Selanjutnya, berbagai label negatif pun disandangkan kepada pelaku-pelaku generasi millenial. Ada yang men-judge mereka terlalu rebel, pemalas, berpikiran pendek, manja, pembangkang, liar, kurang peka terhadap kondisi sekitar, menomorsatukan eksistensi di media sosial, dan sebagainya.
Anak semakin menjauh dari orang tua, jembatan yang diharap mampu mengkoneksi keduanya terlanjur runtuh, lantaran tak ada lagi kepercayaan antar kedua belah pihak. Bila akhirnya ditemukan anak yang sering cekcok dengan orang tua, atau anak yang depresi karena sikap orang tua atau guru-guru di sekolah yang overprotektif dan serba menuntut, lantas sang anak mencari pelampiasan yang salah, siapakah yang bertanggung jawab atas semua ini?

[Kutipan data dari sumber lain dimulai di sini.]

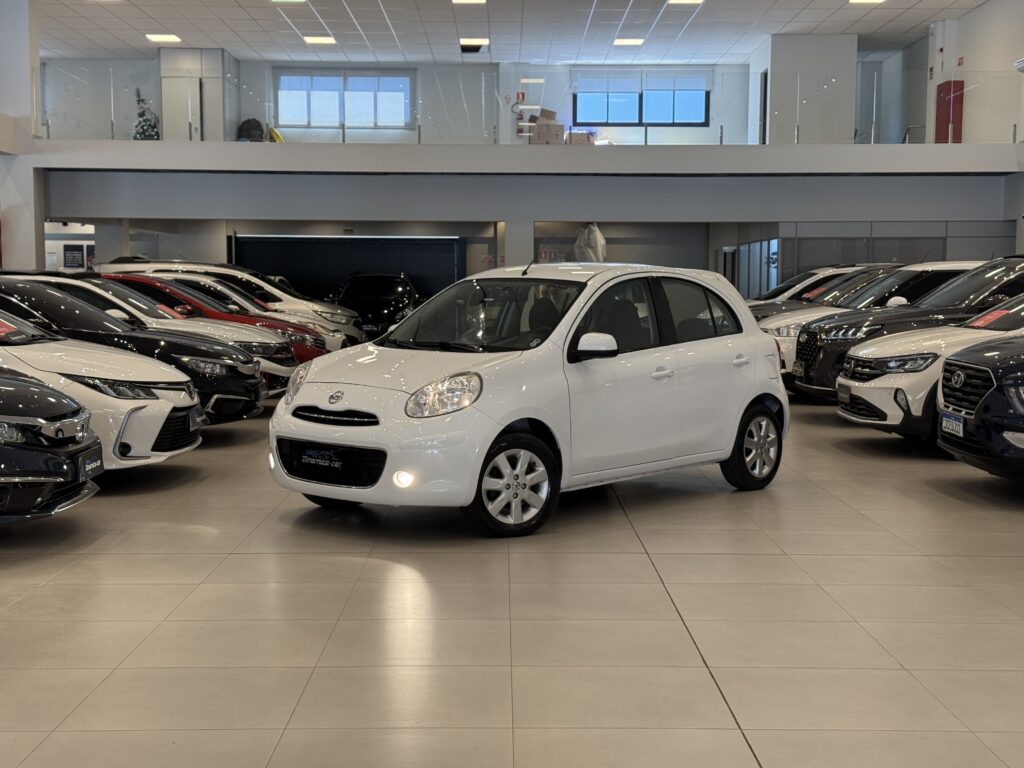 O NISSAN-MARCH S 1.0 2014 é um daqueles carros que exemplificam perfeitamente a filosofia japonesa de "menos é mais". No mercado brasileiro de 2014, ele ocupava uma posição estratégica: era a opção para quem estava cansado da robustez "seca" dos populares tradicionais (como o Gol e o Palio) e buscava algo com um toque de modernidade tecnológica, sem abrir mão da economia.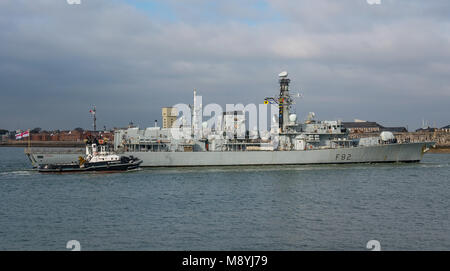 Il Plymouth in base Royal Navy tipo 23 fregata HMS Somerset pagando una rara visita a Portsmouth Base Navale, UK per il XX marzo 2018. Foto Stock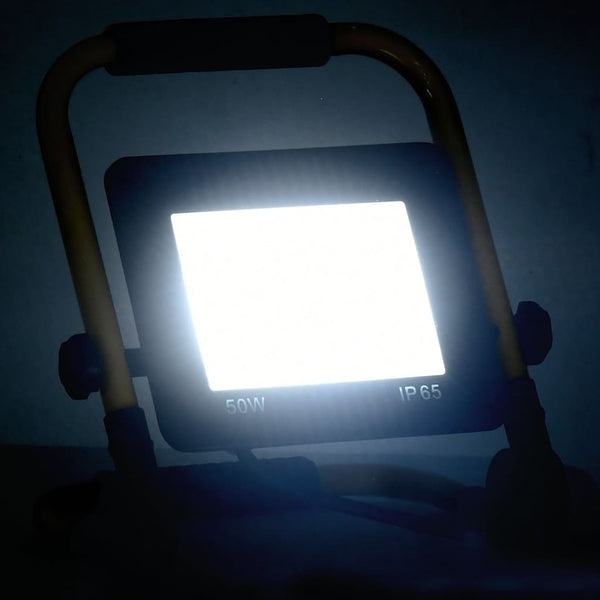 Kalterweißer LED-Strahler mit Griff Ostafie 50 W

Ya sudahlah yaa.. daripada akhirnya problema ini menjadi ajang saling tuduh siapa benar dan siapa salah, lebih baik semua pihak sama-sama "melek" aja, bahwa memang beginilah kenyataan yang sedang kita hadapi dan bersentuhan langsung dengan kita saat ini. Mau menyalahkan jaman yang membentuk mental, pola pikir, ataupun gaya hidup generasi millenial pun sepertinya hanya menambah masalah baru saja, bukannya menuntaskan masalah yang sebelumnya ada.

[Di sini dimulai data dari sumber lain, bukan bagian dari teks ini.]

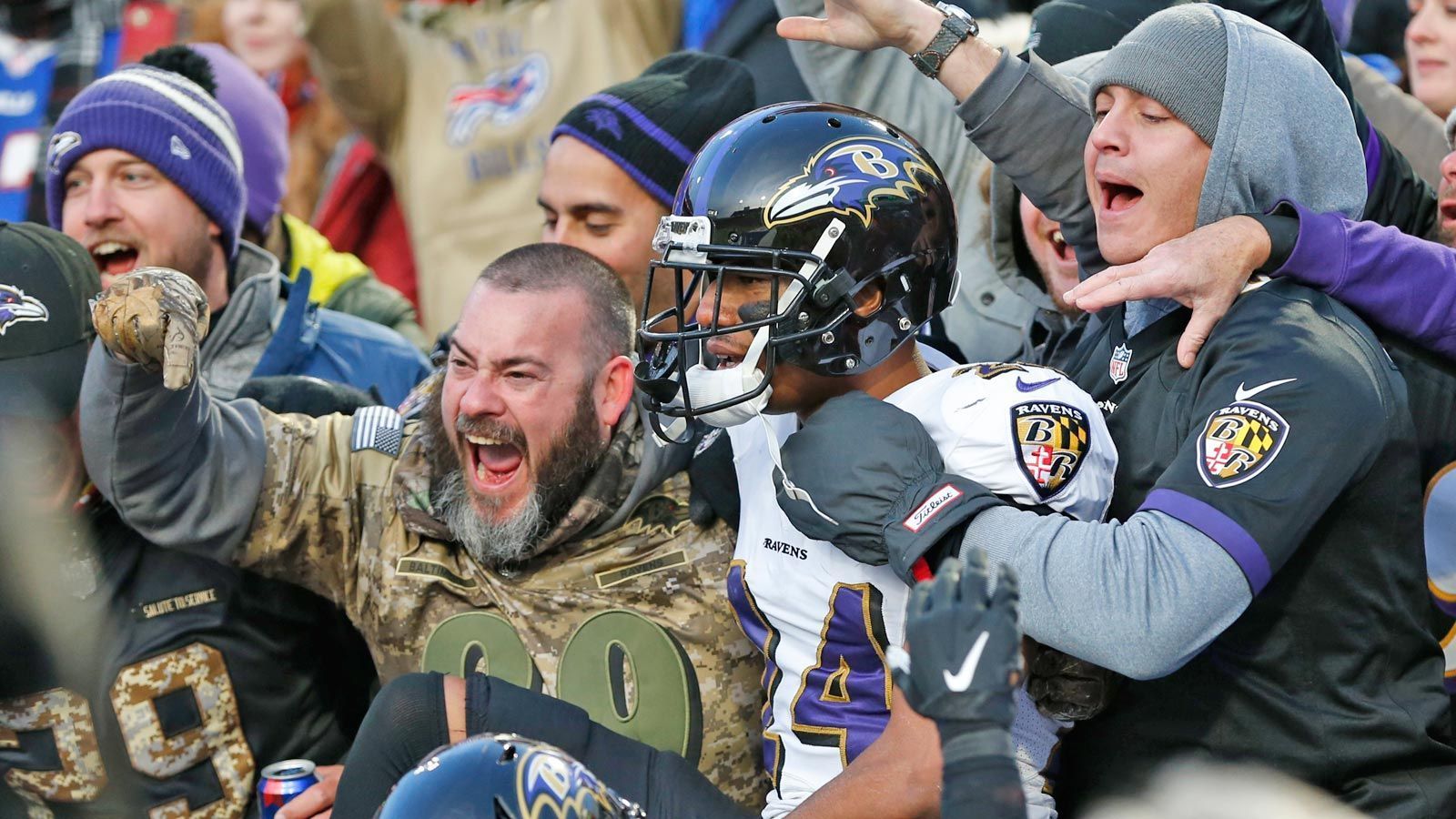 
                <strong>Baltimore Ravens</strong><br>
                Die Baltimore Ravens haben noch keine Rückennummer in Rente geschickt. 
              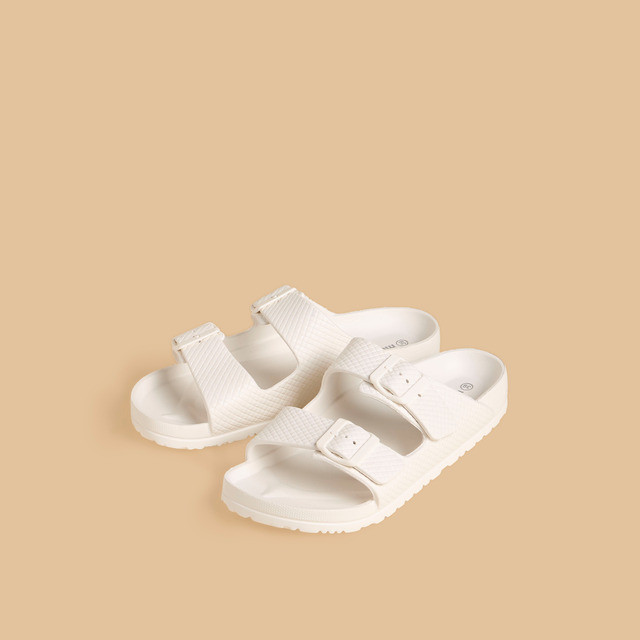 Max Fashions Sandal Selop Wanita Buckle Accent Sandals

Riset 2 Tahun, Lahirlah "My Generation"
Alasan ini yang menggugah ide seorang sineas wanita Indonesia, Upi. Movie director yang sebelumnya telah sukses menelurkan film-film bertema remaja ini (sebut saja Realita Cinta dan Rock and Roll, 30 Hari Mencari Cinta, Radit dan Jani, My Stupid Boss) kini hadir lagi dengan karya terbarunya, "My Generation", diproduksi bersama IFI Sinema. Tak tanggung-tanggung, 2 tahun dihabiskan Upi untuk melakukan riset khusus dan mendalam mengenai fenomena generasi millenial, problematika yang mereka hadapi, gaya hidup, serta elemen-elemen yang terlibat. Riset ini berupa social media listening yang intensif dilakukan sang sutradara untuk melihat komunikasi yang terjadi pada generasi millenials. Beberapa dialog dalam film ini pun diambil dari percakapan anak millenial di social media agar sesuai dengan tren gaya bahasa anak muda jaman sekarang. Tahapan produksi filmnya sendiri memakan waktu sekitar 1 tahun.

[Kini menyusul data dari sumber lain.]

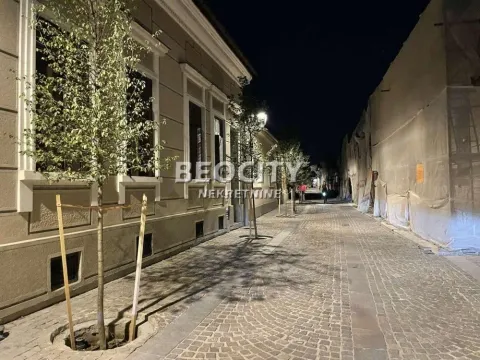 Izdavanje, kuća, 260m², Centar, Novi Sad - image 10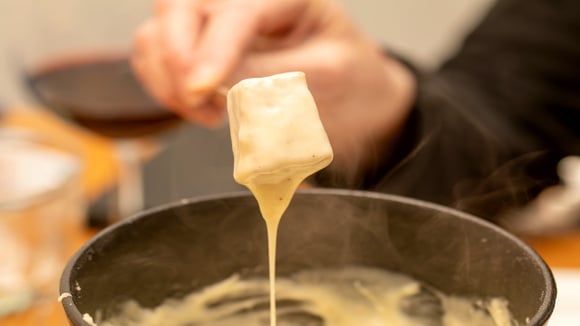 Mesa posta para o inverno com petiscos prontos para serem mergulhados no queijo quente. (Foto: Shutterstock)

Menurut Upi, permasalahan yang dihadapi oleh generasi millenial ini cukup kompleks dan menarik untuk diangkat ke layar lebar. Tak dipungkiri, bergesernya gaya hidup modern akibat era digital melahirkan generasi berkarakter unik. Di film My Generation inilah, Upi ingin memberi gambaran yang lebih dekat tentang realita kehidupan generasi millenial yang sesungguhnya, agar dapat menjadi catatan penting untuk mengetahui karakter mereka yang sesungguhnya. "Dengan menyaksikan film ini, penonton dapat memperoleh gambaran real tentang potret generasi millenial, dan bagaimana aktivitas keseharian mereka", ujar Upi yang sangat antusias bercerita mengenai film terbarunya ini pada Press Conference yang berlangsung 10 Oktober lalu. Upi juga menegaskan film ini sudah layak ditonton dan lulus lembaga sensor Indonesia.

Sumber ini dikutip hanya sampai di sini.